GOOGLE EARTH ENGINE FOR ECOLOGY AND CONSERVATION

Practical 5: Species Distribution Modeling
by Joseph White

Learning Objectives By the end of this practical you should be able to:

  1. Build an Image of selected environmental covariates
  2. Extract covariates
  3. Model fitting
  4. Discuss the need for model evaluation

Access the completed practical script here.


Introduction


Species Distribution Models are a valuable tool in ecology and conservation, providing us with insights into global change impacts, allowing us to project potential future range shifts in species. Using geo-referenced species localities and environmental predictors we can determine the important environmental conditions for species at their known sites.

However, they need to be used carefully and with full understanding of the models used and outputs provided. For example, we may not have a full sample of species localities or not have all of the relevant environmental variables. This means we need to have a strong understanding of the species sampling, biogeography and potentially biotic interactions to accurately predict their distributions. Take a look at this R tutorial for more information on SDMs. Further information of MaxEnt can be found here.

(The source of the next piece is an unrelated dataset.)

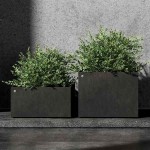 Cosapots SEMPLO MINOR 60 Square Planter 80x80x(H)60cm Handcrafted Fiberglass - Plastic Pots-Cachepot, Planters & Containers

SDMs are not a feature commonly used in GEE and therefore the documentation does not have full support that other algorithms or processes may have. Though this has recently changed with the addition of the American Museum of Natural History version of the MaxEnt algorithm as of March 2021. With further use of this platform this is likely to change. The strong potential of GEE in the SDM space is the ability to process large amounts of data very quickly. Additionally, there is a large value in extracting covariate data to complete SDM analyses in other programs. Let's begin...

Import data & Pre-process

For this practical we will need two core datasets. Our geo-referenced species localities or presences and our geographic layers of environmental predictor variables. In addition to this we will need a chosen area of interest. Let's start by importing our locality data.

We will use data sourced from GBIF (Global Biodiversity Information Facility), which has a massive online collection of freely available biodiversity data. Our species of interest - Bradypus variegatus - is a species commonly used Species Distribution Modeling tutorials. This data has been extracted from the R dismo package. This dataset has already been uploaded as an asset and made publicly available. We load this data in as an asset and then add it to our map.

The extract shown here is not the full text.